Ex-managers at plant may have fled, officials say

By TONY LEYS • tleys@dmreg.com • November 22, 2008

Federal agents bearing a fresh indictment arrested one Agriprocessors Inc. supervisor Friday, but officials said they suspect that two others have fled to Israel.

Former poultry-line managers Hosam Amara and Zeev Levi were named in the new indictment, but their whereabouts were unknown, officials said. A spokesman for the U.S. attorney in Cedar Rapids said investigators suspect both men are now in Israel.

Dean Beebe, 51, who was identified as the Postville meatpacking plant's operations manager, was arrested Friday at the plant, prosecutors said.

He faces 10 charges handed up by a grand jury in Cedar Rapids.
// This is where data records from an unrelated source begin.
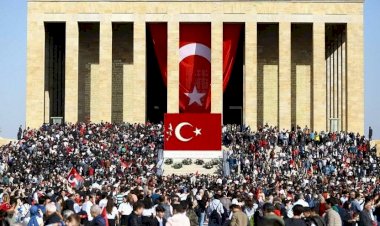 Meydanlar kırmızı beyaza bürünecek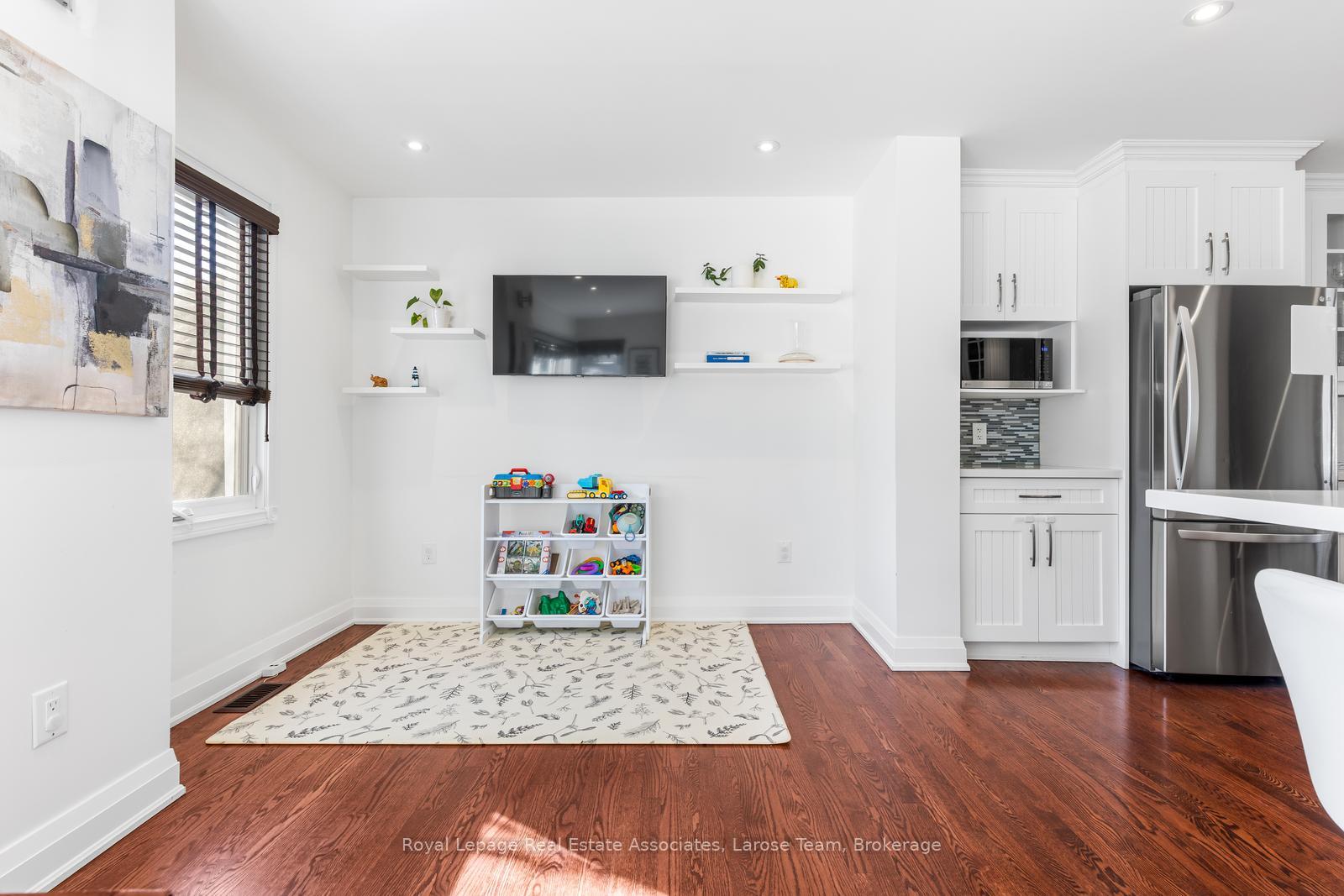 1166 Mineola Gardens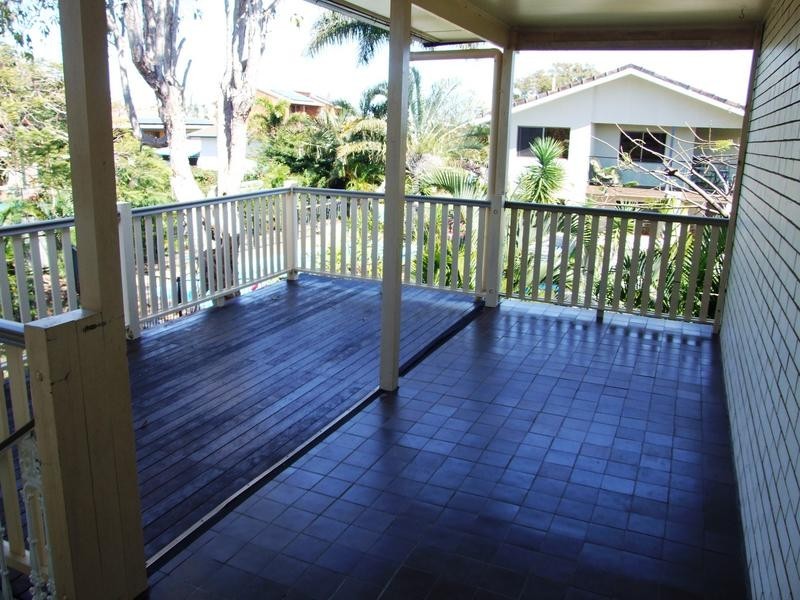 69 Hillcrest Ave, Scarness QLD 4655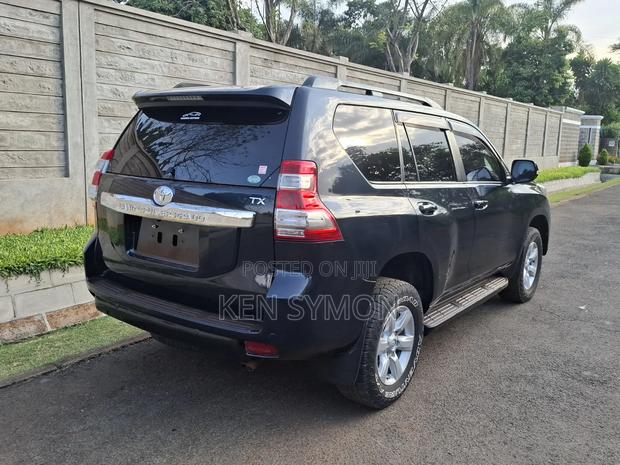 Toyota Land Cruiser Prado 2016 Blue
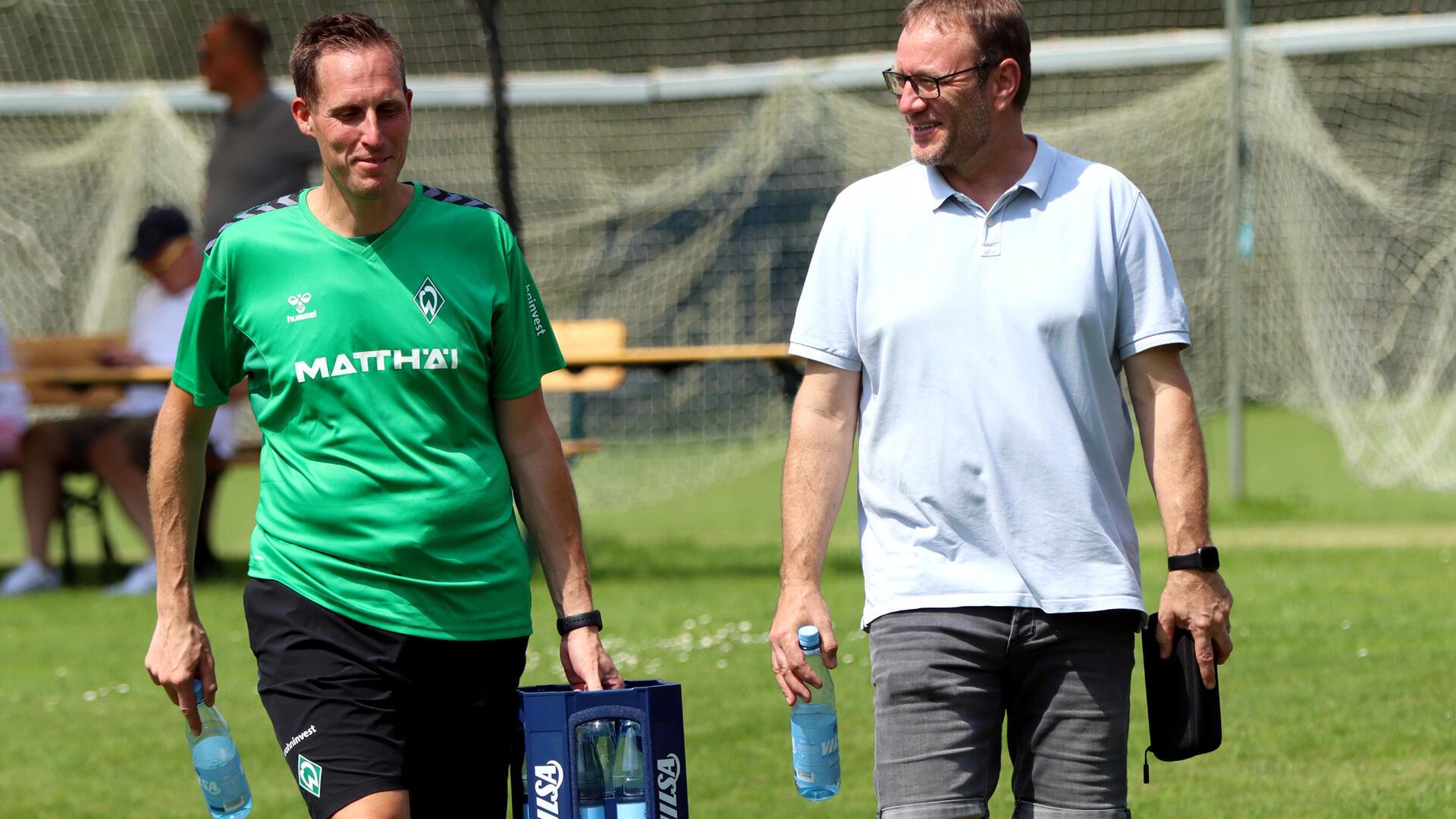 Die Chemie stimmt zwischen Cheftrainer Thomas Horsch (re.) und dem neuen Werder-Torwarttrainer Hendrik Lemke.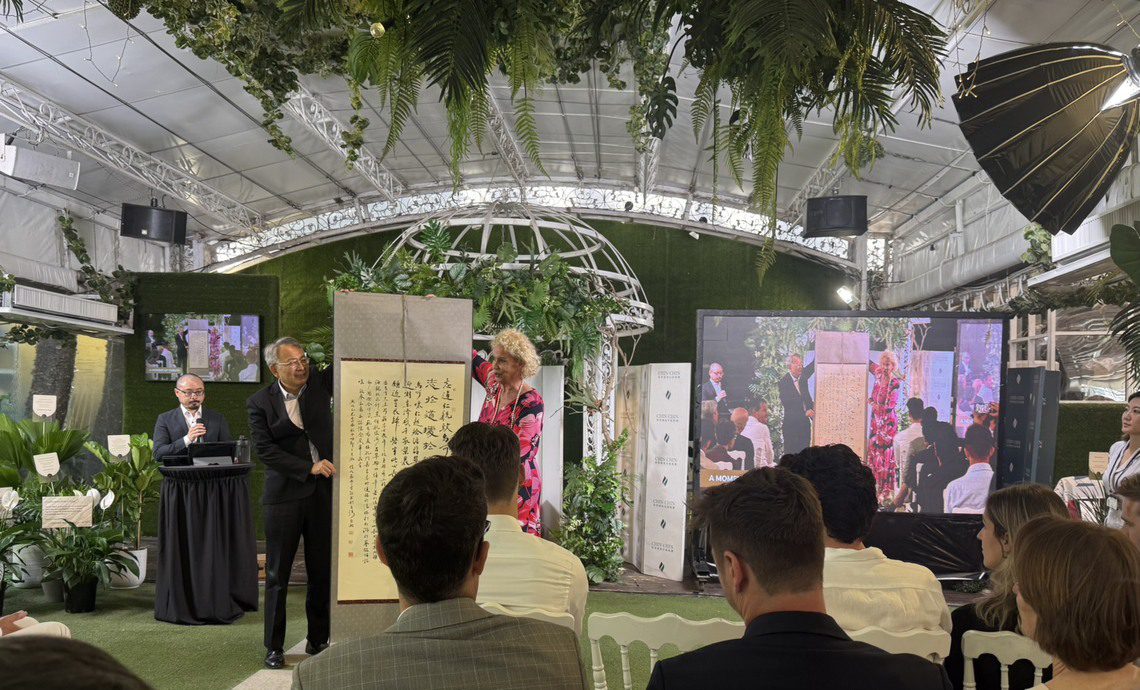 漾新聞｜未竟之書跨海致意！台船贈墨悼馬可　書法家蔡豐吉化情為筆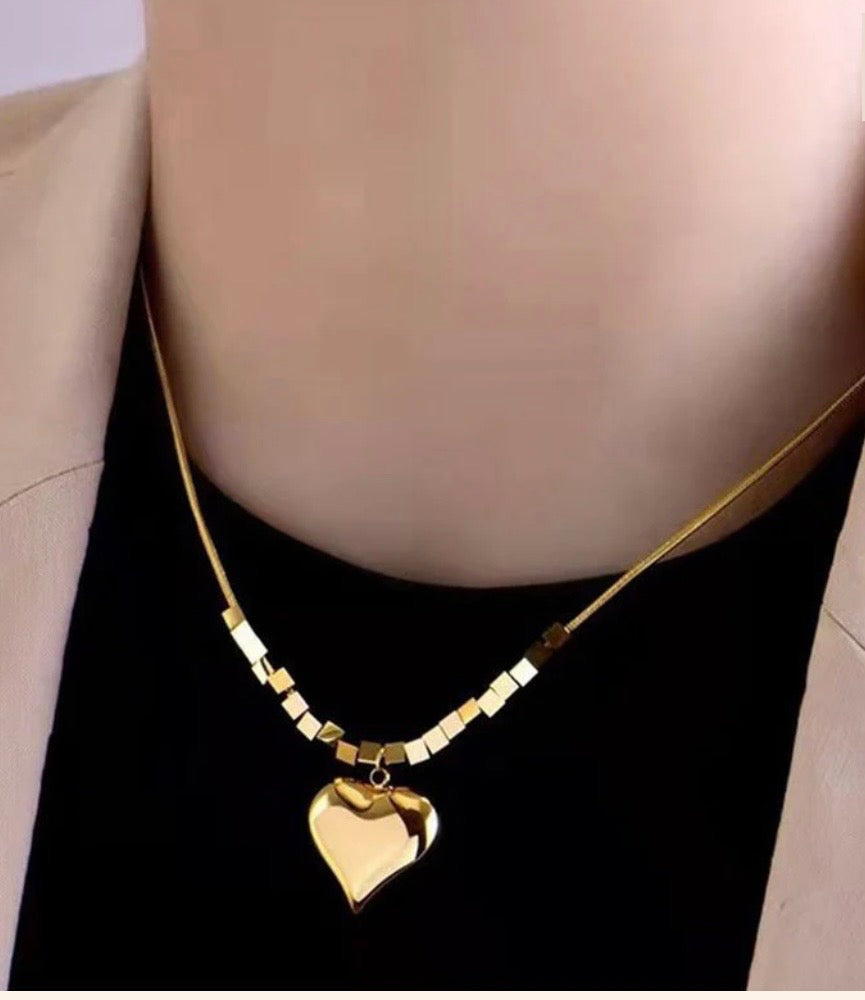 Anti Tarnish Heart Themed Pendant Necklace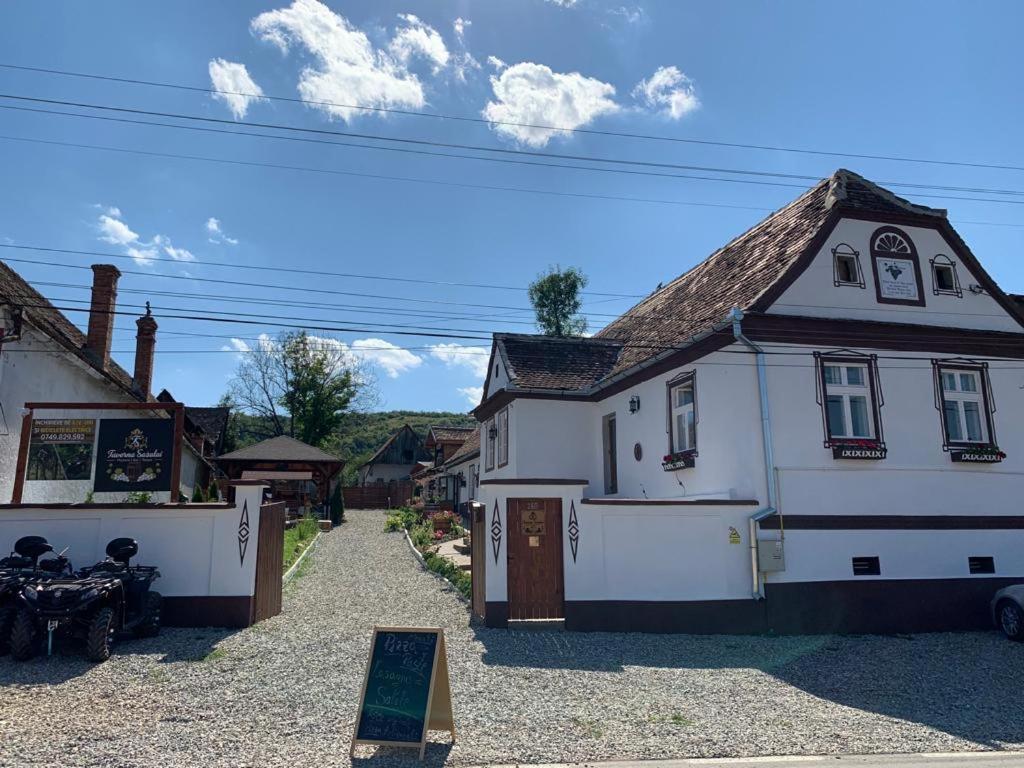Taverna Sasului Базна Екстериор снимка
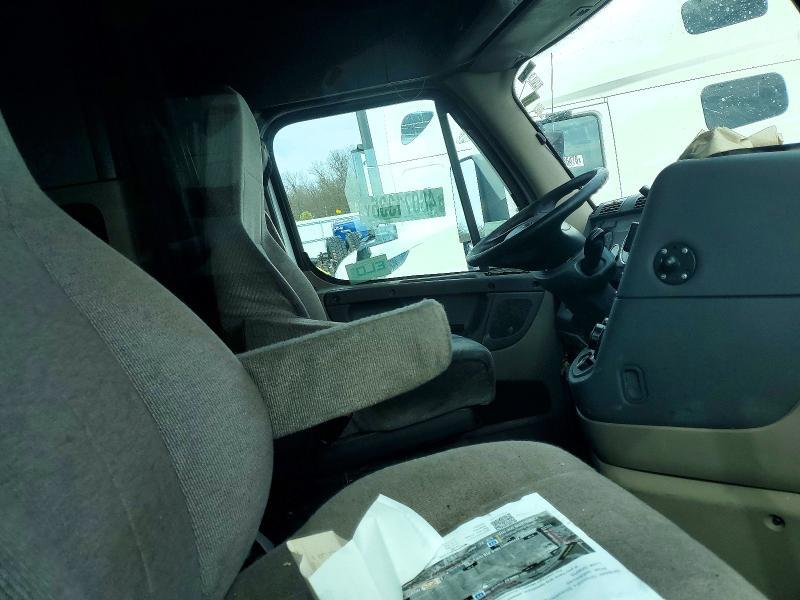 2017 Freigliner 2017 Freightliner Cascadia 1-Semi Truck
Beebe was accused of harboring illegal immigrants and helping them gain false documents.

Amara, 44, and Levi, whose age was unavailable, each face four similar charges.

During a related court hearing Wednesday, prosecutor Peter Deegan told a judge that he strongly suspected Amara was in Israel. Deegan said Amara contacted associates in the United States as recently as this week.

Prosecution spokesman Robert Teig said Friday that his office would not discuss what the government is doing to find the two men.

Friday's charges were just the latest in a stream of terrible news for Agriprocessors, which is in bankruptcy and has suspended production.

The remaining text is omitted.